### EXERCISE GOAL
Start with the first line of the records below. Output each line exactly, ending with the one that contains "Ein Koreanischer Beef-Bowl".

——————————

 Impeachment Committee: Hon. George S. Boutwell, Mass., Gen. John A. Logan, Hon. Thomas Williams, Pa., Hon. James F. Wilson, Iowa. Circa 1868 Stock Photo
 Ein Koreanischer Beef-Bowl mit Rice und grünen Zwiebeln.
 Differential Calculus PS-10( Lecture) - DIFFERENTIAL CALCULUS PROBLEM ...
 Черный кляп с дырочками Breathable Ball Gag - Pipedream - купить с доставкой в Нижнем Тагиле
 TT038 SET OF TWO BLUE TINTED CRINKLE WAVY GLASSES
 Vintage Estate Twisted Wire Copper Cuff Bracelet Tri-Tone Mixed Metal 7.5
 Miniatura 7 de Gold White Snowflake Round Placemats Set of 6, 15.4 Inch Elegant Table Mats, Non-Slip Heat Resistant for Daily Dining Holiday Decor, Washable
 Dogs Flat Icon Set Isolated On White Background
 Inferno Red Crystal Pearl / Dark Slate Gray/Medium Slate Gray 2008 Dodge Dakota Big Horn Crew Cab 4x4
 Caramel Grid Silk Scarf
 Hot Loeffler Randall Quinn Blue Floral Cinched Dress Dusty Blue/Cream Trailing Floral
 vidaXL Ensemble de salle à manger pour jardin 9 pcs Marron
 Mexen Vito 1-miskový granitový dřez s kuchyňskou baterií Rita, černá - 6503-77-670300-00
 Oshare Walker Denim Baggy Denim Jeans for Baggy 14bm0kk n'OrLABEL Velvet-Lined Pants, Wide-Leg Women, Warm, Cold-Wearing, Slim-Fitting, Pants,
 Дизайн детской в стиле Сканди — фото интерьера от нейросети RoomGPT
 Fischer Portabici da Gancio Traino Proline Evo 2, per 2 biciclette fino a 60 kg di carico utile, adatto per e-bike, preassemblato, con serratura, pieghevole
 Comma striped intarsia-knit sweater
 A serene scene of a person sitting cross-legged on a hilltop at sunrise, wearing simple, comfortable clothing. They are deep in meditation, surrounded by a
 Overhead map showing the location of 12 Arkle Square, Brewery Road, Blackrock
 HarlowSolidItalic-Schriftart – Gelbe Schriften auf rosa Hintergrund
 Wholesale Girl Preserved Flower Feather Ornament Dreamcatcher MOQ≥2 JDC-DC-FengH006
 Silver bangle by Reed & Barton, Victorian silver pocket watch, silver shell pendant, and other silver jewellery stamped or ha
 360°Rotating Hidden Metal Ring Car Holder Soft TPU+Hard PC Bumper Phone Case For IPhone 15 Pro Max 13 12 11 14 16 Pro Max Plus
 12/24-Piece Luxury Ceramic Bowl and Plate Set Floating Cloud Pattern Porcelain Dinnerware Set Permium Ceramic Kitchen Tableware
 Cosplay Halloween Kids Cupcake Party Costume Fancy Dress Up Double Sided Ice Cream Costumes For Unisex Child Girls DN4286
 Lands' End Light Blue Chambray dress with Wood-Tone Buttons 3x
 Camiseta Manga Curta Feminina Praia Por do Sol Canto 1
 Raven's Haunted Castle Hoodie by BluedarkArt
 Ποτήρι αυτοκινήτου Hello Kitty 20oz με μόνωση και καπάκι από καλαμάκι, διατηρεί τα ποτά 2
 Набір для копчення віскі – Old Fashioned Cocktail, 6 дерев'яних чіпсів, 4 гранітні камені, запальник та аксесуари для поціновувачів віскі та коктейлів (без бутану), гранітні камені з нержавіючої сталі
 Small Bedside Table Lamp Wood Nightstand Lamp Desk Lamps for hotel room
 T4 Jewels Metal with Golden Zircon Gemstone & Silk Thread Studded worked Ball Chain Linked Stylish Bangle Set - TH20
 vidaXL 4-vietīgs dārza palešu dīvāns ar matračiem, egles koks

——————————

### EXERCISE RESULT
 Impeachment Committee: Hon. George S. Boutwell, Mass., Gen. John A. Logan, Hon. Thomas Williams, Pa., Hon. James F. Wilson, Iowa. Circa 1868 Stock Photo
 Ein Koreanischer Beef-Bowl mit Rice und grünen Zwiebeln.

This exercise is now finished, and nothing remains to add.